C Arcelli1, L P Cordella, S Levialdi
1Laboratorio di Cibernetica, C. N. R., Naples, Italy.
This study introduces a parallel algorithm for generating connected skeletons from binary images. The method ensures skeleton connectivity, crucial for structural image analysis and image reconstruction.
Area of Science:
- Computer Vision
- Image Processing
- Digital Image Analysis
Background:
- Skeletonization is a key technique in digital image processing for creating simplified representations of objects.
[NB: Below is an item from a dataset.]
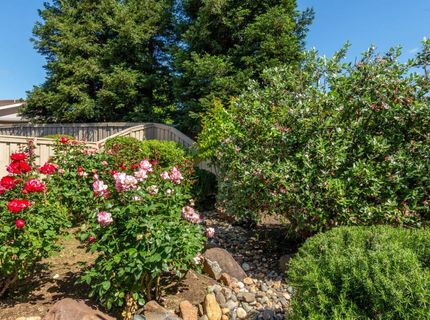 1260 Freschi Ln, Lincoln, CA 95648 Photo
- Connectedness of the skeleton is important for structural image descriptions but not always guaranteed by existing methods.
Purpose of the Study:
- To develop a parallel algorithm for generating connected skeletons from binary digital images.
- To ensure the generated skeleton is connected and suitable for structural image analysis.
- To enable the reconstruction of the original image from its skeleton.
Main Methods:
- A parallel algorithm that propagates the background over the image step-by-step.
- Selection of contour elements from significant convex regions or local maxima as skeleton elements.
- Investigation and resolution of disconnections that may arise during skeletonization.
Main Results:
- A novel parallel procedure for generating connected skeletons from binary images.
- The algorithm ensures the resulting skeleton is a union of simple digital arcs.
- Methods are provided to avoid disconnections, ensuring a robust skeleton.
- The inclusion of all local maxima guarantees the possibility of image recovery via reverse distance transform.
Conclusions:
- The proposed parallel algorithm effectively generates connected skeletons suitable for structural image analysis.
- The method addresses the critical issue of skeleton connectivity, enhancing its utility.
- The algorithm's ability to facilitate image reconstruction further validates its effectiveness.